In 1981, Casa do Caminho was born from the dreams of a group of Brazilian social workers. In the beginning, they gave food to the needy and homeless. In 1982, the social workers bought a piece of land near the Tingua natural reserve, in the Xerem rural region, about one hour from Rio de Janeiro. There, they offered orphans and street children an alternative to favela life, bringing them to the safety of the wilderness to protect them from drugs and violence.
Casa do Caminho is run by a group of idealists. Kahn, the founder, died ten years ago. The other founder, Renato Pinto Campos, is still living and working at Casa do Caminho under the title of President of the organization.
In March 2007, Renato invited Bart Bijen, an ex-volunteer who had recently completed an MBA in Holland, to help run the organization. Together, Bart and Renato increased the number of volunteers at Casa do Caminho and broadened the scope of their work.

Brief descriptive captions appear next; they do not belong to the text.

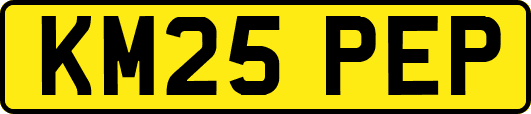 KM25PEP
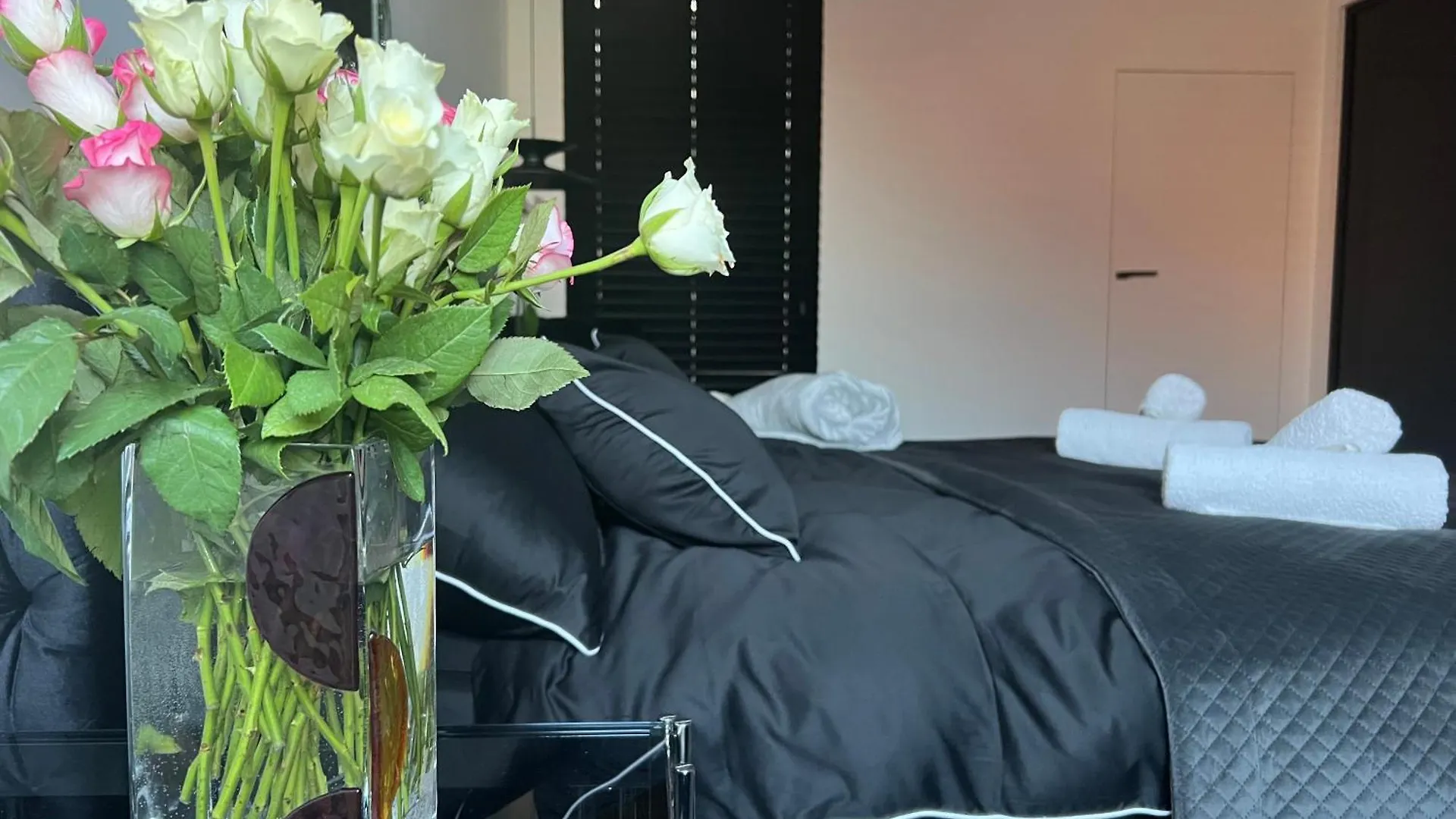 Baltic Riviera Apartments With Private Sauna Gdansk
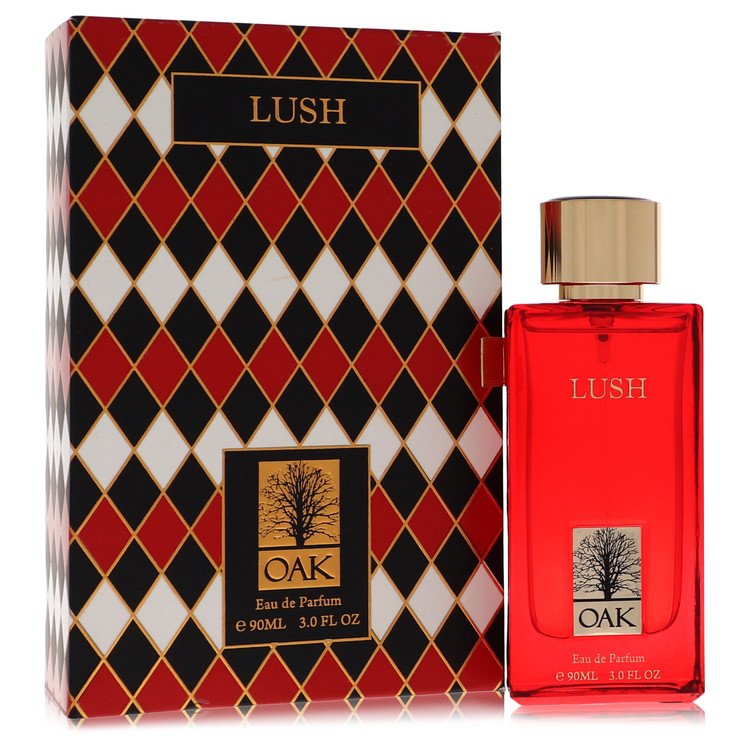 Oak Lush Eau De Parfum Spray By Oak - Zachava.com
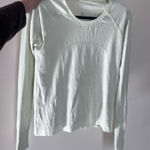 Lululemon  Swiftly Long Sleeve Photo 0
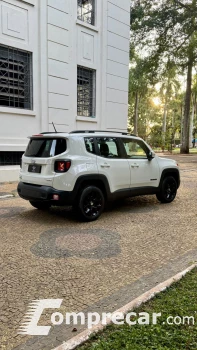 RENEGADE 2.0 16V Turbo Longitude 4X4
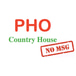 Pho Country House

In 2009, The Casa do Caminho Language Centre opened in Ipenema in Rio de Janeiro, with the goal of helping fund the struggling orphanage. Since 2011, the school has been run by Jascha Lekowitz, and has since been recommended by tour guides and publications like Lonely Planet, and the Rio de Janeiro Times, and has up to 200 registered students at any time. The Language Centre continues to be the main source of funds for the orphanage today.
In 2011 the Public Ministry of Brazil decided that living in the town of Xerem would be better for the children, as it was closer to educational and health facilities, and easier for families to visit. The children relocated to Casa Beek within the town limits, and the forest home continues to be used by volunteers. Casa Beek is named after the Dutch town which has generously funded many of Casa do Caminho’s initiatives.
In 2012, Casa do Caminho founded the Comunidade Verde project at the Sede (forest house). Comunidade Verde is designed to allow both children and volunteers experiment with organic agriculture, with the ultimate goal of making Casa do Caminho self-sustaining.